Column data types come from the database catalog (the actual SQL types), and column descriptions from dbt YAML are overlaid where available. Columns without a dbt description still get a Purview entity with their data type.

  • Lakehouse — creates fabric_lakehouse_table_column entities (Purview's native type) linked to fabric_lakehouse_table entities. Attributes: dataType.
  • Data Warehouse — creates fabric_warehouse_table_column entities (custom type, see below) linked to fabric_warehouse_table entities. Attributes: data_type, length, precision, scale, isNullable.

Custom Purview types

The adapter registers custom type definitions in Purview. These types are created automatically the first time the sync runs.

dbt types

Type Kind Supertypes Purpose
dbt_metadata Business metadata Attaches dbt model metadata (tags, materialization, tests, meta, sync timestamp) to table entities
dbt_transformation Entity Process Represents a dbt transformation in the lineage graph, linking upstream tables to the output table

Data Warehouse types

Type Kind Supertypes Relationship to parent
fabric_warehouse_schema Entity Asset warehousefabric_warehouse
fabric_warehouse_table Entity DataSet, Purview_Table dbSchemafabric_warehouse_schema
fabric_warehouse_table_column Entity DataSet tablefabric_warehouse_table

The Data Warehouse hierarchy mirrors the native azure_sql_dw types (warehouse → schema → table → column) but uses Fabric-specific naming so the entities appear correctly in the Purview catalog alongside other Fabric items.

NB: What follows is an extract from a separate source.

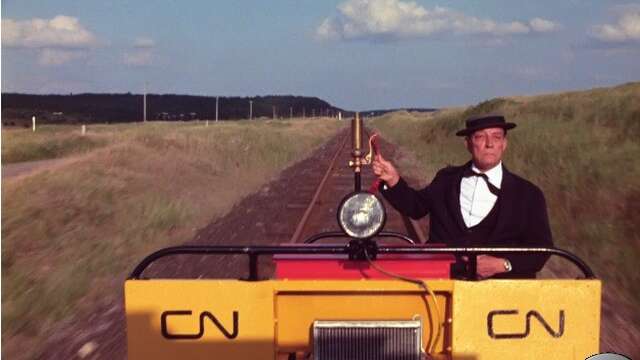 Projection - Comédies des sixties -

For Lakehouse tables, no custom types are needed — the adapter uses the native fabric_lakehouse_table_column type that Purview already defines.

Supported adapters

The Purview integration works with both adapter types:

  • FabricSpark (Lakehouse) — enriches fabric_lakehouse_table entities discovered by Purview's Fabric workspace scan, and creates column entities.
  • Fabric (Data Warehouse) — creates the full entity hierarchy (schema, table, columns) via the Purview API, linked to the fabric_warehouse entity that the Fabric scanner creates.